Even if you’re still doing fairly well in today’s tough economy, this is not the season to be too jolly about it. Americans of every income level are experiencing harder times, and many of the rich are less rich than they were just two New Years ago.
Among the affluent, this new reality may mean fewer big nights out on the town and a lot more home entertaining in the weeks ahead.
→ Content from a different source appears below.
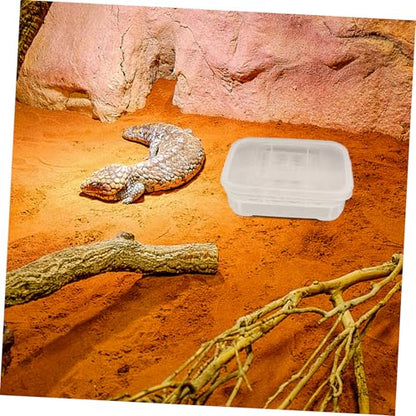POPETPOP Box Compartments for Efficient Hatching Plastic Incubation Container for Lizards Geckos Snakes and Other Reptiles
The year-end holidays traditionally have been a time when people open their house to merrymakers in ways that they might not during the rest of the year. None of us wants to advise clients to be a humbug, but it’s important to counsel them about the danger of offering up one’s home and hospitality too freely.
Before inviting people into their homes, there’s a list of potential exposures clients should consider. A client’s home will never be more vulnerable than it is during the holidays. Between houseguests and caterers, foot traffic will be at its most congested. In addition, the mixture of elegant entertaining and gift giving is likely to put the best of everything the clients own, or have bought for others, on front-and-center display.
Protecting property from damage or theft–and people from injury that can bring a liability suit–is an involved undertaking. Basically, it boils down to clients “guest proofing” their home. Guests include not just invitees but any professionals who may have been temporarily retained to work on the grounds through the holidays. Does the specialty-lighting company stringing bulbs on the roof have adequate insurance? Has the catering staff been properly bonded? And, if the answers to those questions are “no,” how is your client’s personal insurance coverage equipped to address the resulting exposures?
The official guest list can be as problematic as the stream of seasonal workers filing in and out. That’s particularly true for fundraisers, which tend to occur with the greatest frequency during the year-end holidays.